Cross-Subsidy on Super Petrol Denies Diesel Users Ksh1.77 Per Litre Drop

Fueling at a petrol station in Kenya.
Fueling at a petrol station in Kenya.

Diesel users experienced a notable yet moderated decrease in fuel prices on Friday, June 15, following the announcement of new pricing regulations by the Energy and Petroleum Regulatory Authority (EPRA).

The price of Diesel was reduced by Ksh6.08 per litre, bringing the new rate to Ksh173.10, down from Ksh180.38 per litre. However, the extent of this reduction was limited due to the regulator's decision to extend the subsidy for super petrol.

Why: EPRA has employed diesel consumers in the latest pricing to subsidise users of super petrol and kerosene.

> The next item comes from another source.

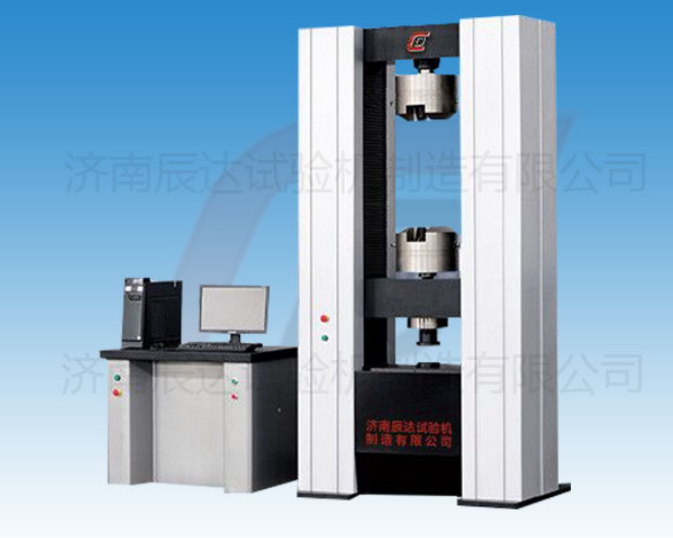 导致WDW-600拉伸草莓视频官网APP漏油的原因有哪些?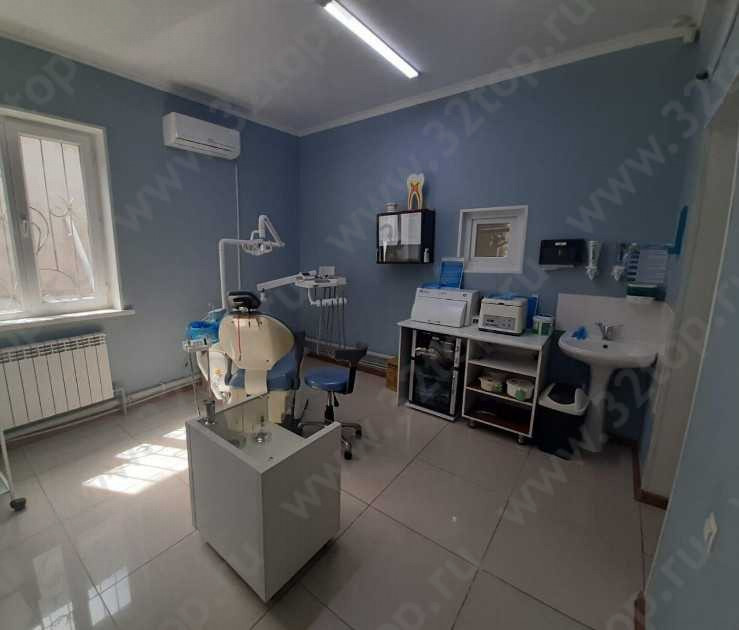 Стоматологический центр МУРАТ-СТОМ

This cross-subsidy strategy restricts higher price reductions for users of one fuel grade when global prices decrease while providing a buffer for others when their fuel grade prices rise internationally. Additionally, this approach assists the Exchequer in managing expenditures to maintain lower pump prices.

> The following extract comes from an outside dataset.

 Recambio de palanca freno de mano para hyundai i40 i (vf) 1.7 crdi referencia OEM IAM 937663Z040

The decision to retain the cross-subsidy on super petrol meant diesel users were denied an additional Ksh1.77 per litre drop. If not for this intervention, diesel prices would have plunged to Ksh171.33 per litre.

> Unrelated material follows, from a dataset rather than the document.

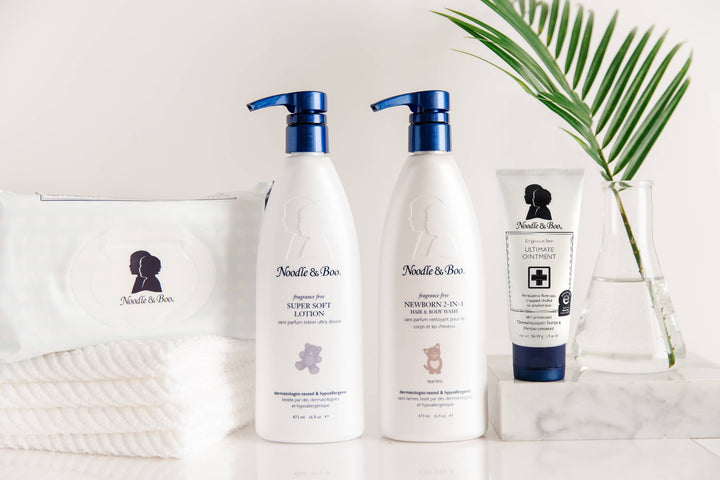 Super Soft Lotion, Fragrance-Free, 16 oz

A fuel attendant in Kenya.
A fuel attendant in Kenya.

Zero In: EPRA's strategy has been to manage fuel price stability by using cross-subsidies. This involves transferring some of the cost burden across different fuel types, which in this case, resulted in a steeper cut for super petrol prices.

Effective from Friday midnight, super petrol prices fell by Ksh3 per litre to Ksh189.84. This reduction was facilitated by a combination of the Ksh2.99 per litre subsidy and the global decrease in super petrol prices.

Over the past few months, diesel prices have shown a downward trend: a Ksh1 drop in March, a substantial Ksh10 reduction in April, and now a Ksh6.08 decrease in June. Yet, the potential for a further reduction was stymied by the ongoing subsidy policy.

The cross-subsidy approach has not been without controversy. It has been the focal point of legal battles and parliamentary scrutiny, particularly since it is not explicitly mandated by the Energy Act of 2019. Critics argue that this practice unfairly burdens consumers of certain fuel types to benefit others.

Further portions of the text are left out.